I found out just how public public is when I was featured on last Sunday's kickoff episode of NESN's Sox Appeal, now in its second season. If you haven't seen it, here's the deal: A hero (in my case, a guy) meets with three singles during the course of a Sox game and then decides which one he'd like to see again.
Early in the casting process I sat down with a roomful of producers - a cool, arty clutch of folks with smart glasses and distressed jeans. And they had questions: What had my recent relationships been like? Whom did I want to meet most, and why? They nodded, took notes. I realized that this might be the best dating service I'd ever have the opportunity to use. Plugging in a few fields on an online dating profile is simply no match for a team of producers who, based on what you tell them, pore over head shots, even comb the city's bars and restaurants, for men you might like.
The hero was a guy named Dave, a Web designer by day, improv actor by night. He was good-looking in a nondescript way - someone you might sleep with, but probably not fight over. And despite my efforts to be on my best behavior for the viewing public, before our inning was up, I had unleashed my overtalker and backed him into a corner, egged on at the sidelines by producers waving cue cards ("Ask him about his last girlfriend" and "Talk about his career"). I couldn't help it. The game, the crowds, the cameras seemed to collapse into one huge, clattering dome of sound and light, and I was no more on date with this man than Regis is having coffee with his talk-show guests. I had morphed into some kind of performing monkey, responding more to pressure to entertain and appeal than to establish any kind of real rapport.
And yet somehow I managed a kind of relentless self-confidence. After all, had already met the competition - an attractive, if aloof, vegetarian chef from Connecticut and a blonde from Florida in a peekaboo blouse. I might have 10 years on these chicks, but I had them both beat in the personality department. And I lived here - I hadn't driven up for the game or moved to Brighton from Tampa last week. I was the real thing. I walked away from our date sure I had it in the bag.

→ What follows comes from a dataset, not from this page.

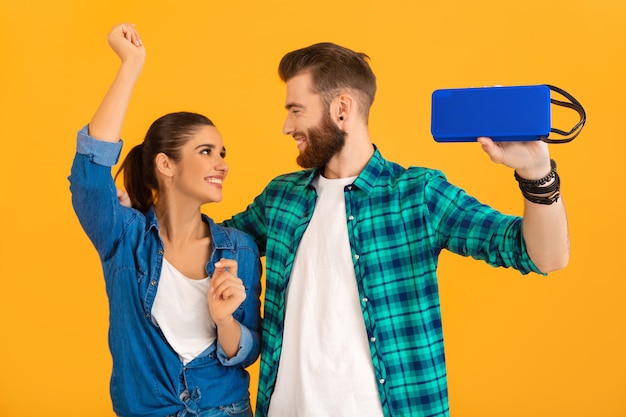 Casual young couple holding wireless speaker listening to music dancing isolated on yellow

In fact, I didn't. When Dave held up his sign in the ninth inning, announcing his choice, my name wasn't on it. The night had gone to the blonde who could tie a cherry stem with her tongue (of course). But after the initial slap to the ego, I felt a kind of relief, the way you feel when a decision simply isn't yours to make.
I also realized that as much of a spectacle as this whole ordeal was, this had been one of the least confusing dates I'd ever had. No guesswork, no misread signs, every phase of it carefully choreographed and considered.
Truth be told, if it were in my budget, I'd seriously consider hiring my own posse of producers and directors to executive-produce my dating life. Not that I haven't managed thus far (and not that I'm deluded enough to think anyone would want to watch), but it wouldn't hurt to have a team of folks to consult on casting decisions or wave the occasional cue card when conversation slows to a halt. I'd love to have someone with an earpiece and a clipboard tell me when to walk in ("Wait - OK, go"), when to leave, and what topics to bring up (or avoid). And best of all, to share in the collective misery that is so often the dater's solo plight. "What an ass," one of the production assistants said to me as he wound yards of extension cord around one arm. "I so would have picked you." Now that kind of support would be worth every penny.